Yes it does feel good to lose weight but it feels even worse than before to gain back hard earned weight loss. That's why I imploring you to adopt a weight loss paradigm that involves mindful exercise.

Engaging in mindful exercise will help keep us in the present moment. When we live in the present and don't let ourselves dissociate or what many refer to as 'fall asleep at the wheel', it's much harder to fall back into negative coping strategies. And overeating and letting go of self-care is often the first sign of dissociation. If we commit to regular mindful exercise, we get several wake up calls in a week that will help us tune into our bodies and, as a result, tune into how we are feeling, our stress levels, our fears, anger or pain.

The definition of mindful exercise to me is much more broad than many people might agree with. Currently, most people consider mindful exercise to be things like yoga or pilates. But for me, mindful exercise is anything that requires us to pay attention to what our bodies are doing is a very specific way and tune into what muscles are doing the work. It requires mindfulness in our movement patterns and most often, repatterning of unhealthy movement patterns that keep our bodies stuck in improper alignment and sometimes subsequent pain or tension.

There are so many options outside the yoga and pilates arena that are now available. Most personal trainers provide mindful exercise is they are asking us to tune in, slow down and think about how we are doing something.

So if you're not a pilates or yoga type, you can engage in mindful exercise with weightlifting, running, cycling depending on how mindful the coach is encouraging you to be.

Our bodies tell us what we really need all the time we are awake. They tell us when we need to eat, when we are full, when we need to rest or sleep and when we need to burn off stress. We just get so caught up in living busy lives or convince ourselves we need to run around like chickens with our head's cut off that we don't stop and listen. And maybe many of us don't want to listen because then we would have to change something about the way we are living.
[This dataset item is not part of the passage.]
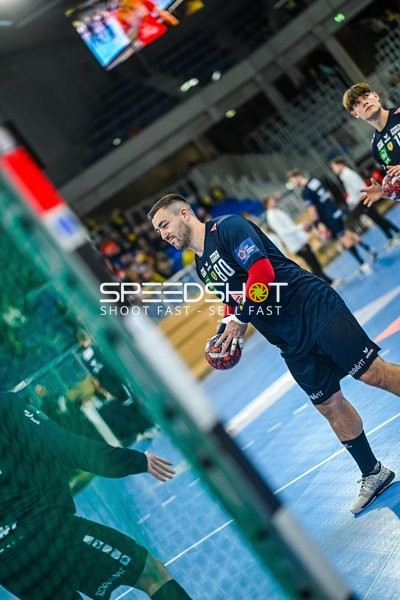 Handball I Herren I Saison 2023-2024 I EHF European League I Gruppenphase I 5. Spieltag I Rhein-Neckar Löwen - IFK Kristianstad I 28.11.2023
Like most people, I battle with letting stress get the best of me. I have very intelligent ways or coping strategies that let me tune out sometimes but I turn to different strategies to become conscious again so that I don't stay asleep for too long.

For me, mindful movement can be a focused strength workout, a fast paced interval based run, yoga, or simply sitting still to meditate. It takes work to stay on a path of staying awake. But if you're trying to lose weight and want to find a new way that will help you keep weight off, the only way is being more mindful and a great in road towards this in mindful movement.

1 comment:

  1. Mindful exercise is best to avoid possible exercise injuries caused by overdoing the same regimen that can cause too much stress for the body in the long run. Thank you for this well-written article.